* _Collection entries_
● ● ● ●

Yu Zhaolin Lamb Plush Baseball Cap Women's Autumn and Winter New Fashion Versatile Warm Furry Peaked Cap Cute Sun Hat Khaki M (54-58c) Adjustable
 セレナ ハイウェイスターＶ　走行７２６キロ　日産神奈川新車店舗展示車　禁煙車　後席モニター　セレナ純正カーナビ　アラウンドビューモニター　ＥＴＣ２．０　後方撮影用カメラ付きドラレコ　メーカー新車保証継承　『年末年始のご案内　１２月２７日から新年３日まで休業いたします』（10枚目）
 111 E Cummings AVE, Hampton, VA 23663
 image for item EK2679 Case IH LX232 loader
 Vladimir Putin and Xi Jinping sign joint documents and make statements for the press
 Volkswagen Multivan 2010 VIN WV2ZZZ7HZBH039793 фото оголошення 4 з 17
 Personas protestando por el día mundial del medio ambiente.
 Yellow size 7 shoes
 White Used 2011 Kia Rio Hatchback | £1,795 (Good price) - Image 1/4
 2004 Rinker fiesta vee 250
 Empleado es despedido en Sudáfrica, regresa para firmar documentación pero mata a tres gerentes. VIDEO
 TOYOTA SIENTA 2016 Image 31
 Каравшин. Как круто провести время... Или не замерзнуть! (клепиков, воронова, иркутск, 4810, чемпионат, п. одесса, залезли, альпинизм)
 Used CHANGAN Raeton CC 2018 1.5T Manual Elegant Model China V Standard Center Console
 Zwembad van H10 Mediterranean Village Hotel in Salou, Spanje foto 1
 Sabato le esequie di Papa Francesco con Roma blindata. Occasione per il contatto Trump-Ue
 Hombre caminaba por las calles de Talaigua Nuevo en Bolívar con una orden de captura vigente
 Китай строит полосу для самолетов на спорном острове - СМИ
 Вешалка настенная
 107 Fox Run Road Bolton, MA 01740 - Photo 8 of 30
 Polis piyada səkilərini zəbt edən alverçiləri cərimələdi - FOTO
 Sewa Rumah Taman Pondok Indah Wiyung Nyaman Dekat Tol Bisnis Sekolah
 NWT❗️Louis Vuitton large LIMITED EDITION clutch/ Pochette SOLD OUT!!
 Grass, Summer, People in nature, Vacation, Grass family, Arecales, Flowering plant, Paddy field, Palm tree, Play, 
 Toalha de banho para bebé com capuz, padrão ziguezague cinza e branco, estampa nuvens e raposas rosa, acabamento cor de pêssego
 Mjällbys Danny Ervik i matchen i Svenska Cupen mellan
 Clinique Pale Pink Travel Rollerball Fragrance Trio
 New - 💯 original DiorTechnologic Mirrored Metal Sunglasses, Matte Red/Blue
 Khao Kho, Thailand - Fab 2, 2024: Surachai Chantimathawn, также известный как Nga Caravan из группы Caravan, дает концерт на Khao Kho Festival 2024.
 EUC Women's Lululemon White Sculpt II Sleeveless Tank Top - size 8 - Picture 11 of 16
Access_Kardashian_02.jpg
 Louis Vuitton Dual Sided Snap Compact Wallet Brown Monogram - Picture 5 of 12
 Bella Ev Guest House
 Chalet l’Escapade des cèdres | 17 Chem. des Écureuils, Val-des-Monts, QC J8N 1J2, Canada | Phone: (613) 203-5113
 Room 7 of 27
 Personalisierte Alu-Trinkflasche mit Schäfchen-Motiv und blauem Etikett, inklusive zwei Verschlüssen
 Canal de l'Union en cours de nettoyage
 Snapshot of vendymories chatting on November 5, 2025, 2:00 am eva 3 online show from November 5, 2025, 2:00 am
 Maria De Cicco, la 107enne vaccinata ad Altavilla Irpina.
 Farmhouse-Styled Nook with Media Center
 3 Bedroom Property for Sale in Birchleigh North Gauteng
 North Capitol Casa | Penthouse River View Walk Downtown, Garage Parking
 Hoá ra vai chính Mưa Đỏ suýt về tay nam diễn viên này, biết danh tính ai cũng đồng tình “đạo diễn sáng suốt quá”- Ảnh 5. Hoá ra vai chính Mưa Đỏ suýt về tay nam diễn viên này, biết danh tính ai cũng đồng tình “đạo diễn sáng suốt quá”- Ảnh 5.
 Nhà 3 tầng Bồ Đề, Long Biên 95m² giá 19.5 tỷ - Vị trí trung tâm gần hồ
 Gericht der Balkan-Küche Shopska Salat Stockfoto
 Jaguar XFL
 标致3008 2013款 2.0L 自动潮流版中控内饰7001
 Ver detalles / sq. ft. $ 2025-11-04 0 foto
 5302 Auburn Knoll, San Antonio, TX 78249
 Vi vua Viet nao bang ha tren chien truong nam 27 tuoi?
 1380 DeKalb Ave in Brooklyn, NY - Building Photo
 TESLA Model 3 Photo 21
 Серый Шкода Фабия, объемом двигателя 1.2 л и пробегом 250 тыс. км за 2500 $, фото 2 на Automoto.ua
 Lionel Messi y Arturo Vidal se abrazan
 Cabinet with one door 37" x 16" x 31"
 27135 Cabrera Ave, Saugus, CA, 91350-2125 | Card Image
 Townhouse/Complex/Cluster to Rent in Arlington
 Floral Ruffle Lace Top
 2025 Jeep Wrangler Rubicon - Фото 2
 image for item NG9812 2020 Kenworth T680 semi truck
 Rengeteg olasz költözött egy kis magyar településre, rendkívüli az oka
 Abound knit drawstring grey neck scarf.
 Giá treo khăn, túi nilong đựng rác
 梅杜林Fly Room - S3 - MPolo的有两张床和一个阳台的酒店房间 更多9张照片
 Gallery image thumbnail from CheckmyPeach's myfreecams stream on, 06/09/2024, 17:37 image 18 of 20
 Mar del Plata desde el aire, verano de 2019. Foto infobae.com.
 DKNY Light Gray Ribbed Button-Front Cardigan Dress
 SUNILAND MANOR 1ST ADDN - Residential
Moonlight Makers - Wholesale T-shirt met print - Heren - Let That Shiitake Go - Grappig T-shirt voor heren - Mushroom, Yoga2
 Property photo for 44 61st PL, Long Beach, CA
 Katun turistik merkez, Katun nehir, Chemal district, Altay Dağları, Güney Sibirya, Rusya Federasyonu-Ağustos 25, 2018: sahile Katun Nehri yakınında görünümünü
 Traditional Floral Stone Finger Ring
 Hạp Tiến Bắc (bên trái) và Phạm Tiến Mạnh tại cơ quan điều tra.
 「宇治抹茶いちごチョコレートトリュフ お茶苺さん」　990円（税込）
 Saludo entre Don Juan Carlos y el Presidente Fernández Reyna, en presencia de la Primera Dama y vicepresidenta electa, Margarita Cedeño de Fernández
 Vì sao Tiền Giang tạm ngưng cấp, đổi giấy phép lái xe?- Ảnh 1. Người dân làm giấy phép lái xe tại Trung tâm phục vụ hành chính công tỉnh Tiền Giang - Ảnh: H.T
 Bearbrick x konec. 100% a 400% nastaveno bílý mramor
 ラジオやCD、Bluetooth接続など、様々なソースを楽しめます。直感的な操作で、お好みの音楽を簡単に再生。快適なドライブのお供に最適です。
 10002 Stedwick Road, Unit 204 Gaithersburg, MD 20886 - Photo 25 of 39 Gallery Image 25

● ● ● ●

* _Exercise objective_
Retype every entry word for word.

* _Task response_
Yu Zhaolin Lamb Plush Baseball Cap Women's Autumn and Winter New Fashion Versatile Warm Furry Peaked Cap Cute Sun Hat Khaki M (54-58c) Adjustable
 セレナ ハイウェイスターＶ　走行７２６キロ　日産神奈川新車店舗展示車　禁煙車　後席モニター　セレナ純正カーナビ　アラウンドビューモニター　ＥＴＣ２．０　後方撮影用カメラ付きドラレコ　メーカー新車保証継承　『年末年始のご案内　１２月２７日から新年３日まで休業いたします』（10枚目）
 111 E Cummings AVE, Hampton, VA 23663
 image for item EK2679 Case IH LX232 loader
 Vladimir Putin and Xi Jinping sign joint documents and make statements for the press
 Volkswagen Multivan 2010 VIN WV2ZZZ7HZBH039793 фото оголошення 4 з 17
 Personas protestando por el día mundial del medio ambiente.
 Yellow size 7 shoes
 White Used 2011 Kia Rio Hatchback | £1,795 (Good price) - Image 1/4
 2004 Rinker fiesta vee 250
 Empleado es despedido en Sudáfrica, regresa para firmar documentación pero mata a tres gerentes. VIDEO
 TOYOTA SIENTA 2016 Image 31
 Каравшин. Как круто провести время... Или не замерзнуть! (клепиков, воронова, иркутск, 4810, чемпионат, п. одесса, залезли, альпинизм)
 Used CHANGAN Raeton CC 2018 1.5T Manual Elegant Model China V Standard Center Console
 Zwembad van H10 Mediterranean Village Hotel in Salou, Spanje foto 1
 Sabato le esequie di Papa Francesco con Roma blindata. Occasione per il contatto Trump-Ue
 Hombre caminaba por las calles de Talaigua Nuevo en Bolívar con una orden de captura vigente
 Китай строит полосу для самолетов на спорном острове - СМИ
 Вешалка настенная
 107 Fox Run Road Bolton, MA 01740 - Photo 8 of 30
 Polis piyada səkilərini zəbt edən alverçiləri cərimələdi - FOTO
 Sewa Rumah Taman Pondok Indah Wiyung Nyaman Dekat Tol Bisnis Sekolah
 NWT❗️Louis Vuitton large LIMITED EDITION clutch/ Pochette SOLD OUT!!
 Grass, Summer, People in nature, Vacation, Grass family, Arecales, Flowering plant, Paddy field, Palm tree, Play, 
 Toalha de banho para bebé com capuz, padrão ziguezague cinza e branco, estampa nuvens e raposas rosa, acabamento cor de pêssego
 Mjällbys Danny Ervik i matchen i Svenska Cupen mellan
 Clinique Pale Pink Travel Rollerball Fragrance Trio
 New - 💯 original DiorTechnologic Mirrored Metal Sunglasses, Matte Red/Blue
 Khao Kho, Thailand - Fab 2, 2024: Surachai Chantimathawn, также известный как Nga Caravan из группы Caravan, дает концерт на Khao Kho Festival 2024.
 EUC Women's Lululemon White Sculpt II Sleeveless Tank Top - size 8 - Picture 11 of 16
Access_Kardashian_02.jpg
 Louis Vuitton Dual Sided Snap Compact Wallet Brown Monogram - Picture 5 of 12
 Bella Ev Guest House
 Chalet l’Escapade des cèdres | 17 Chem. des Écureuils, Val-des-Monts, QC J8N 1J2, Canada | Phone: (613) 203-5113
 Room 7 of 27
 Personalisierte Alu-Trinkflasche mit Schäfchen-Motiv und blauem Etikett, inklusive zwei Verschlüssen
 Canal de l'Union en cours de nettoyage
 Snapshot of vendymories chatting on November 5, 2025, 2:00 am eva 3 online show from November 5, 2025, 2:00 am
 Maria De Cicco, la 107enne vaccinata ad Altavilla Irpina.
 Farmhouse-Styled Nook with Media Center
 3 Bedroom Property for Sale in Birchleigh North Gauteng
 North Capitol Casa | Penthouse River View Walk Downtown, Garage Parking
 Hoá ra vai chính Mưa Đỏ suýt về tay nam diễn viên này, biết danh tính ai cũng đồng tình “đạo diễn sáng suốt quá”- Ảnh 5. Hoá ra vai chính Mưa Đỏ suýt về tay nam diễn viên này, biết danh tính ai cũng đồng tình “đạo diễn sáng suốt quá”- Ảnh 5.
 Nhà 3 tầng Bồ Đề, Long Biên 95m² giá 19.5 tỷ - Vị trí trung tâm gần hồ
 Gericht der Balkan-Küche Shopska Salat Stockfoto
 Jaguar XFL
 标致3008 2013款 2.0L 自动潮流版中控内饰7001
 Ver detalles / sq. ft. $ 2025-11-04 0 foto
 5302 Auburn Knoll, San Antonio, TX 78249
 Vi vua Viet nao bang ha tren chien truong nam 27 tuoi?
 1380 DeKalb Ave in Brooklyn, NY - Building Photo
 TESLA Model 3 Photo 21
 Серый Шкода Фабия, объемом двигателя 1.2 л и пробегом 250 тыс. км за 2500 $, фото 2 на Automoto.ua
 Lionel Messi y Arturo Vidal se abrazan
 Cabinet with one door 37" x 16" x 31"
 27135 Cabrera Ave, Saugus, CA, 91350-2125 | Card Image
 Townhouse/Complex/Cluster to Rent in Arlington
 Floral Ruffle Lace Top
 2025 Jeep Wrangler Rubicon - Фото 2
 image for item NG9812 2020 Kenworth T680 semi truck
 Rengeteg olasz költözött egy kis magyar településre, rendkívüli az oka
 Abound knit drawstring grey neck scarf.
 Giá treo khăn, túi nilong đựng rác
 梅杜林Fly Room - S3 - MPolo的有两张床和一个阳台的酒店房间 更多9张照片
 Gallery image thumbnail from CheckmyPeach's myfreecams stream on, 06/09/2024, 17:37 image 18 of 20
 Mar del Plata desde el aire, verano de 2019. Foto infobae.com.
 DKNY Light Gray Ribbed Button-Front Cardigan Dress
 SUNILAND MANOR 1ST ADDN - Residential
Moonlight Makers - Wholesale T-shirt met print - Heren - Let That Shiitake Go - Grappig T-shirt voor heren - Mushroom, Yoga2
 Property photo for 44 61st PL, Long Beach, CA
 Katun turistik merkez, Katun nehir, Chemal district, Altay Dağları, Güney Sibirya, Rusya Federasyonu-Ağustos 25, 2018: sahile Katun Nehri yakınında görünümünü
 Traditional Floral Stone Finger Ring
 Hạp Tiến Bắc (bên trái) và Phạm Tiến Mạnh tại cơ quan điều tra.
 「宇治抹茶いちごチョコレートトリュフ お茶苺さん」　990円（税込）
 Saludo entre Don Juan Carlos y el Presidente Fernández Reyna, en presencia de la Primera Dama y vicepresidenta electa, Margarita Cedeño de Fernández
 Vì sao Tiền Giang tạm ngưng cấp, đổi giấy phép lái xe?- Ảnh 1. Người dân làm giấy phép lái xe tại Trung tâm phục vụ hành chính công tỉnh Tiền Giang - Ảnh: H.T
 Bearbrick x konec. 100% a 400% nastaveno bílý mramor
 ラジオやCD、Bluetooth接続など、様々なソースを楽しめます。直感的な操作で、お好みの音楽を簡単に再生。快適なドライブのお供に最適です。
 10002 Stedwick Road, Unit 204 Gaithersburg, MD 20886 - Photo 25 of 39 Gallery Image 25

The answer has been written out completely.